→ **What to work on**: Omit all pictures. Print the remaining lines exactly, from the start of the data through the line containing "ブシロード スリーブコレクション ハイグレード".

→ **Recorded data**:

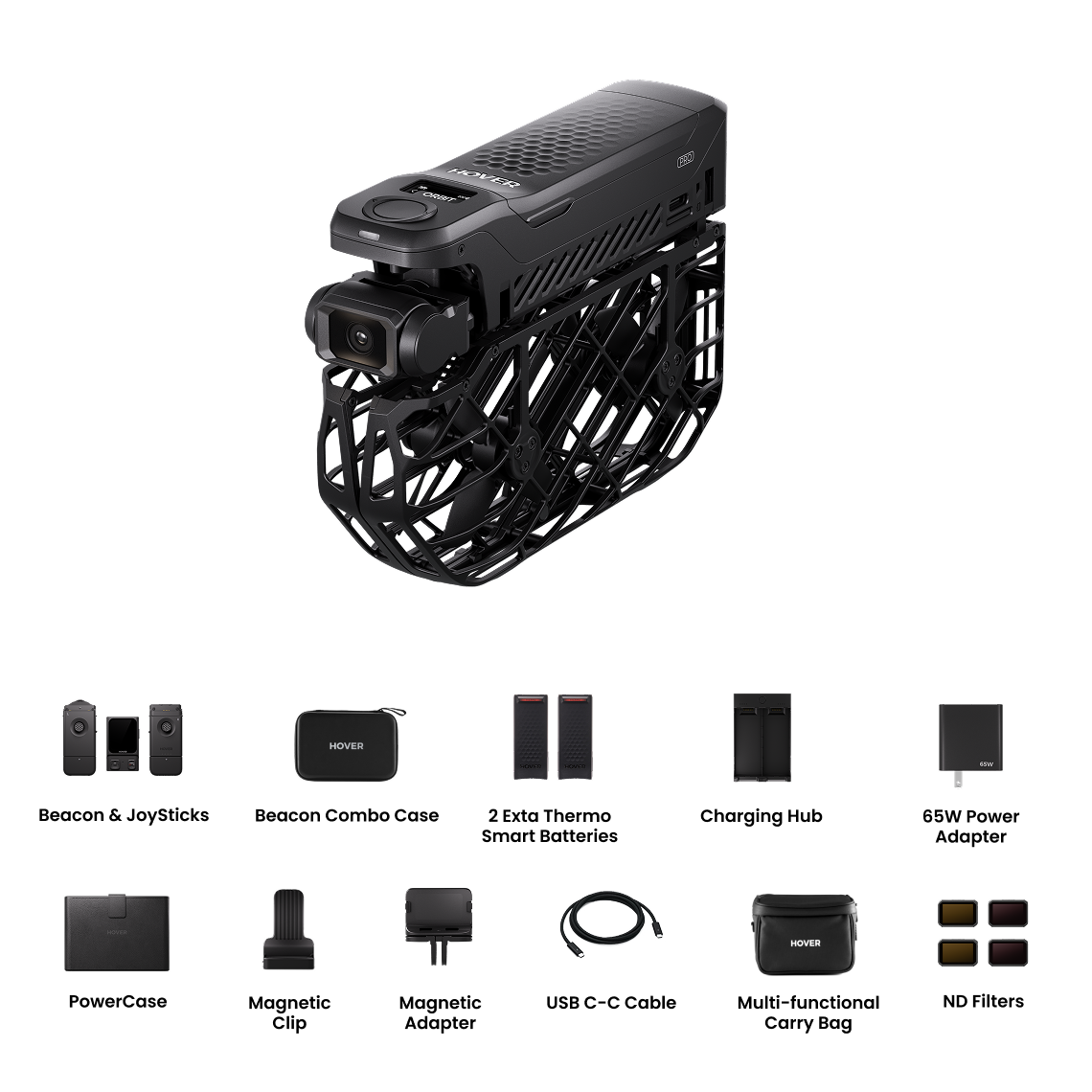 HOVERAir X1 PRO & PROMAX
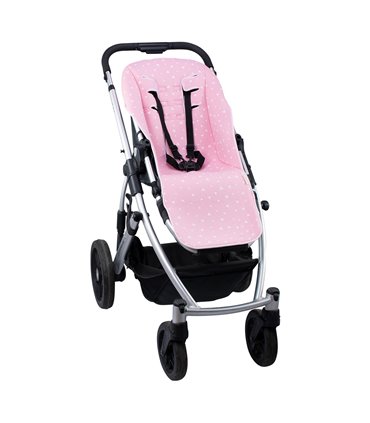 uppababy vista - Vista 3/4 pink sparkles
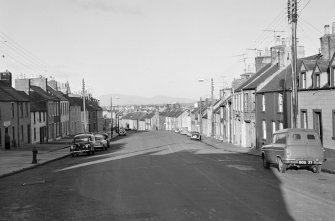 General view of George Street, Whithorn.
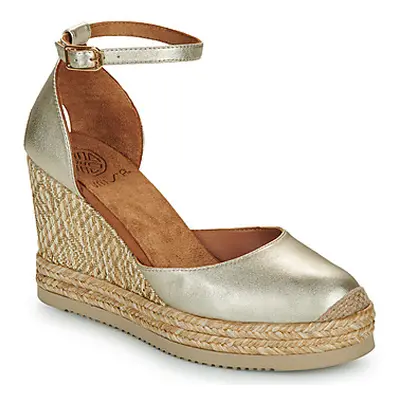 Unisa CAMEO women's Sandals in Gold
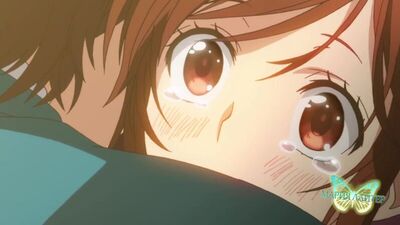 Аниме клип про любовь - Боюсь остаться с тобой... (Аниме романтика + AMV)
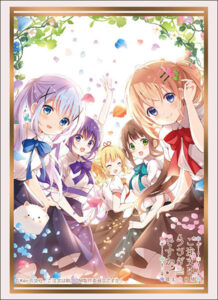 ブシロード スリーブコレクション ハイグレード Vol.4642 『ご注文はうさぎですか？ BLOOM』 パック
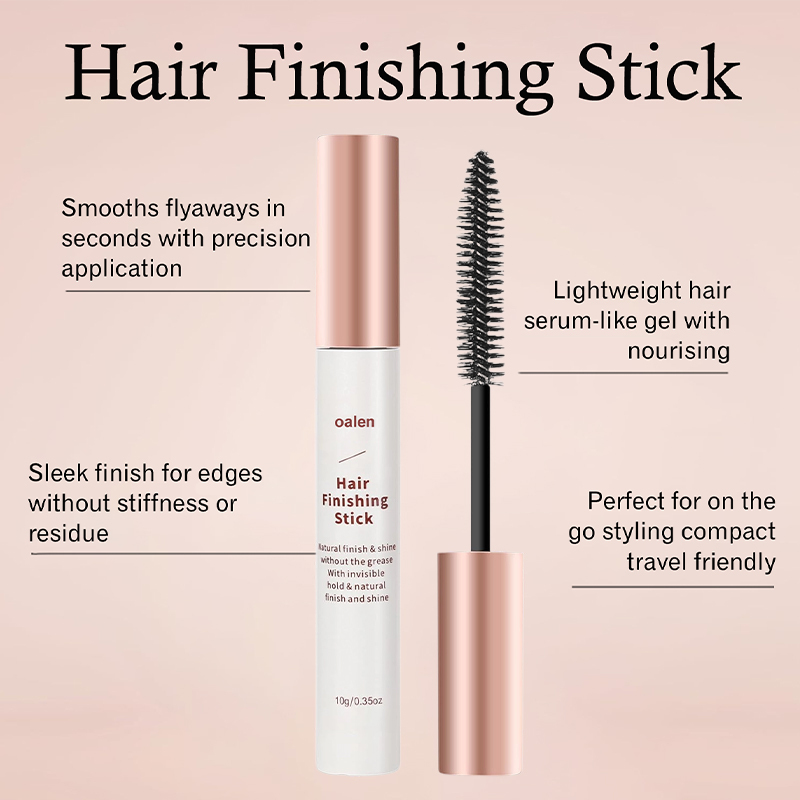 Private Label Hair Style Stick Frizz Flyaway Hair Taming Wand,oalen cosmetics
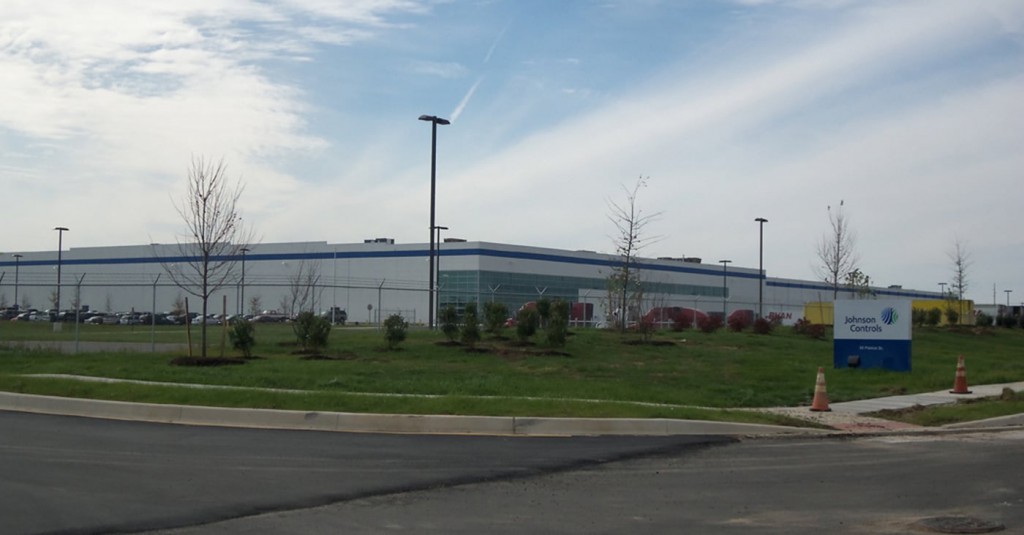 battery distribution and manufacturing center exterior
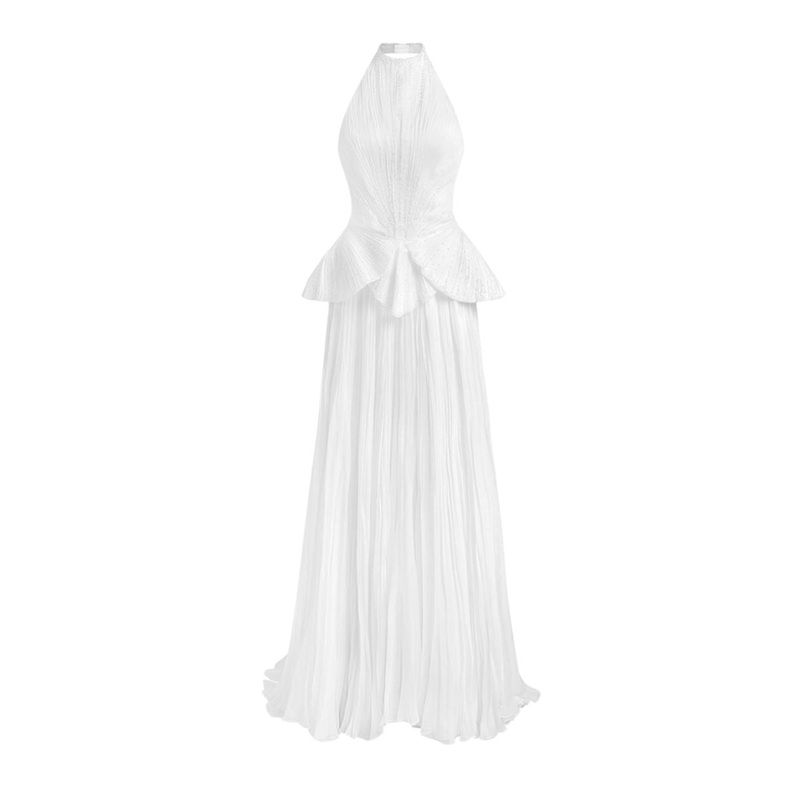 SNOW BLOOM GOWN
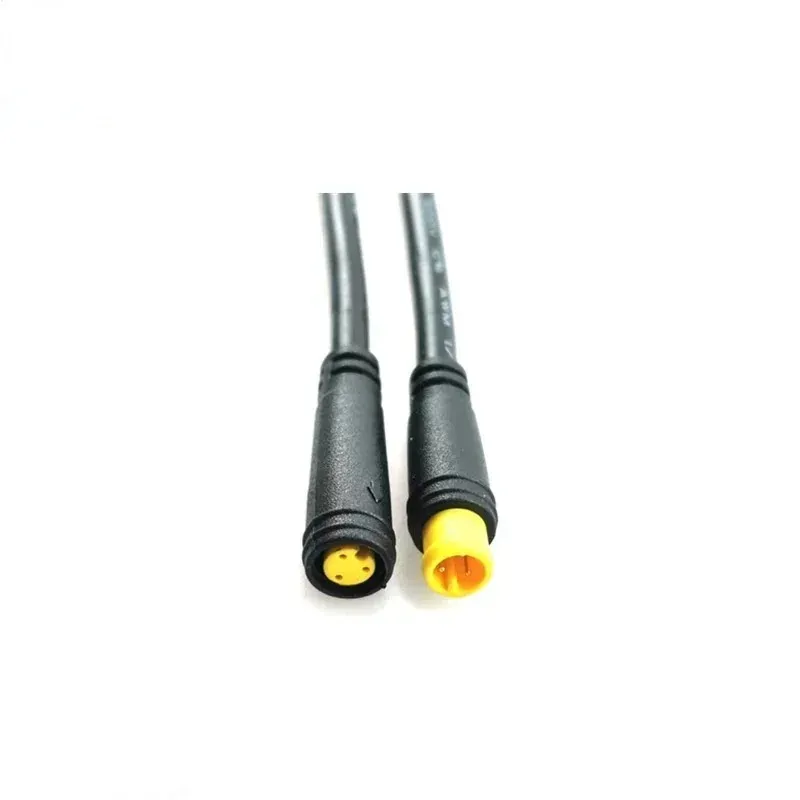 Waterproof Instrument Cable with M6 3-pin Mini Butt Plug and Sensor Signal Connector for Reliable Connectivity and Signal Transmission in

→ **Response box**:
 HOVERAir X1 PRO & PROMAX
 uppababy vista - Vista 3/4 pink sparkles
 General view of George Street, Whithorn.
 Unisa CAMEO women's Sandals in Gold
 Аниме клип про любовь - Боюсь остаться с тобой... (Аниме романтика + AMV)
 ブシロード スリーブコレクション ハイグレード Vol.4642 『ご注文はうさぎですか？ BLOOM』 パック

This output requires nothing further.